» Exercise details:
What you return must be exactly the lines running from the one with "Alternate image for" to the end of the data below, inclusive, and nothing more.

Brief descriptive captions

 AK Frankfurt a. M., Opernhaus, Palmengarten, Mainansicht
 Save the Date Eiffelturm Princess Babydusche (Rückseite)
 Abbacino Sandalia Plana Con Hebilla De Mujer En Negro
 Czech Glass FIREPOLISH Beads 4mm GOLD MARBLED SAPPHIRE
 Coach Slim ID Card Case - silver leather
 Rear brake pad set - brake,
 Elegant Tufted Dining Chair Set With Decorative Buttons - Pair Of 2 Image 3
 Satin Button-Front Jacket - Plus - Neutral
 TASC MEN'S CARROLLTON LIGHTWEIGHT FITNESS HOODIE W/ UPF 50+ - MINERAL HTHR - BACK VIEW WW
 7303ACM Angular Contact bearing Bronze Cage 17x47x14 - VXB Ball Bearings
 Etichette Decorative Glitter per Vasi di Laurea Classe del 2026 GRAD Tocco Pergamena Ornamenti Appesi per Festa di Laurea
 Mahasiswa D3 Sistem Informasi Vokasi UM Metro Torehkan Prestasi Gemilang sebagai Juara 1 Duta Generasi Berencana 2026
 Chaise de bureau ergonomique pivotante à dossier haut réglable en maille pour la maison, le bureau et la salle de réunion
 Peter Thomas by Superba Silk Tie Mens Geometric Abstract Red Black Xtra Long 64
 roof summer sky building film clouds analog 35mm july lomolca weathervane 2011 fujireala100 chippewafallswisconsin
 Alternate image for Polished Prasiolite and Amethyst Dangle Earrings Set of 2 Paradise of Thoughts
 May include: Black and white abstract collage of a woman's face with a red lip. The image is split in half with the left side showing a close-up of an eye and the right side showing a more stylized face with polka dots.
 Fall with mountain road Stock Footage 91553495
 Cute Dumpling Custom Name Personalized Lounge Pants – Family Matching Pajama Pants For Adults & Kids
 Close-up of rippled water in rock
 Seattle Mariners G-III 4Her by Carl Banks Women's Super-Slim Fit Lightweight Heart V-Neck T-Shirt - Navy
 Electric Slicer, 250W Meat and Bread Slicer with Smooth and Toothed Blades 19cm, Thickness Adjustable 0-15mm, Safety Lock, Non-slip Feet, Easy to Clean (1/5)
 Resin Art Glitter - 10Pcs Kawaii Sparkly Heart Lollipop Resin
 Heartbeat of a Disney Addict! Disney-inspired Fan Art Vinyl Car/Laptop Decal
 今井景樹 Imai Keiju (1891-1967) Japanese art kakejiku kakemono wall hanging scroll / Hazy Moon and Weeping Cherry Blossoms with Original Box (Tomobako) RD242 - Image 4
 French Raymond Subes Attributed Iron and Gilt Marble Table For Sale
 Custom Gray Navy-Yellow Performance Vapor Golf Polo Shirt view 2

» Task solution:
 Alternate image for Polished Prasiolite and Amethyst Dangle Earrings Set of 2 Paradise of Thoughts
 May include: Black and white abstract collage of a woman's face with a red lip. The image is split in half with the left side showing a close-up of an eye and the right side showing a more stylized face with polka dots.
 Fall with mountain road Stock Footage 91553495
 Cute Dumpling Custom Name Personalized Lounge Pants – Family Matching Pajama Pants For Adults & Kids
 Close-up of rippled water in rock
 Seattle Mariners G-III 4Her by Carl Banks Women's Super-Slim Fit Lightweight Heart V-Neck T-Shirt - Navy
 Electric Slicer, 250W Meat and Bread Slicer with Smooth and Toothed Blades 19cm, Thickness Adjustable 0-15mm, Safety Lock, Non-slip Feet, Easy to Clean (1/5)
 Resin Art Glitter - 10Pcs Kawaii Sparkly Heart Lollipop Resin
 Heartbeat of a Disney Addict! Disney-inspired Fan Art Vinyl Car/Laptop Decal
 今井景樹 Imai Keiju (1891-1967) Japanese art kakejiku kakemono wall hanging scroll / Hazy Moon and Weeping Cherry Blossoms with Original Box (Tomobako) RD242 - Image 4
 French Raymond Subes Attributed Iron and Gilt Marble Table For Sale
 Custom Gray Navy-Yellow Performance Vapor Golf Polo Shirt view 2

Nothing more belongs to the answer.